To do
Write out again the lines from the line with "Foto resep Tempe Goreng Tepung" up to and including the line with "upper C Subscript", exactly as they stand below, and skip any picture.

[Records from a data collection]
---

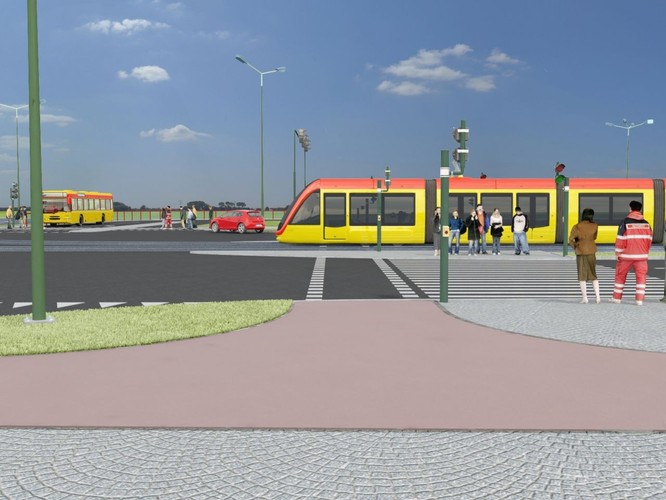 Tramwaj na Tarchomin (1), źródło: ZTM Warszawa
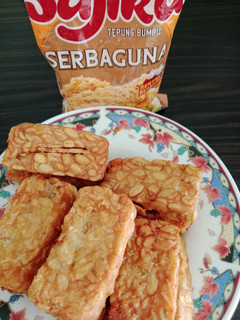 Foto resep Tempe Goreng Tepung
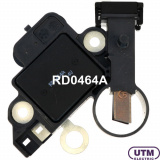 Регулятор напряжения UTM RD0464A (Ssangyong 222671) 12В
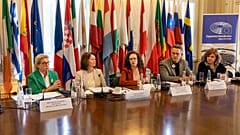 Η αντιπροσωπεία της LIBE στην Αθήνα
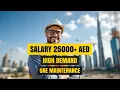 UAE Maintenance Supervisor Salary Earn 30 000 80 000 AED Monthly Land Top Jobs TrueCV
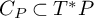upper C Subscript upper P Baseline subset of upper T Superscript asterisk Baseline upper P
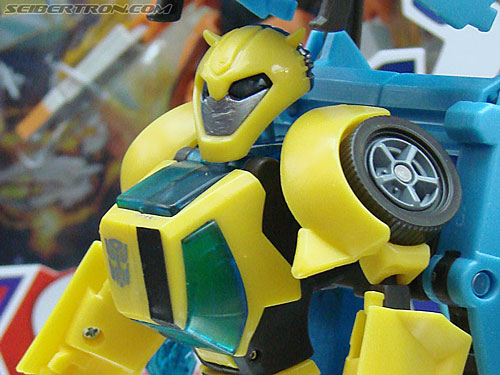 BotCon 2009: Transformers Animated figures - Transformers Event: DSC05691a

---

Result for this exercise
 Foto resep Tempe Goreng Tepung
 Регулятор напряжения UTM RD0464A (Ssangyong 222671) 12В
 Η αντιπροσωπεία της LIBE στην Αθήνα
 UAE Maintenance Supervisor Salary Earn 30 000 80 000 AED Monthly Land Top Jobs TrueCV
upper C Subscript upper P Baseline subset of upper T Superscript asterisk Baseline upper P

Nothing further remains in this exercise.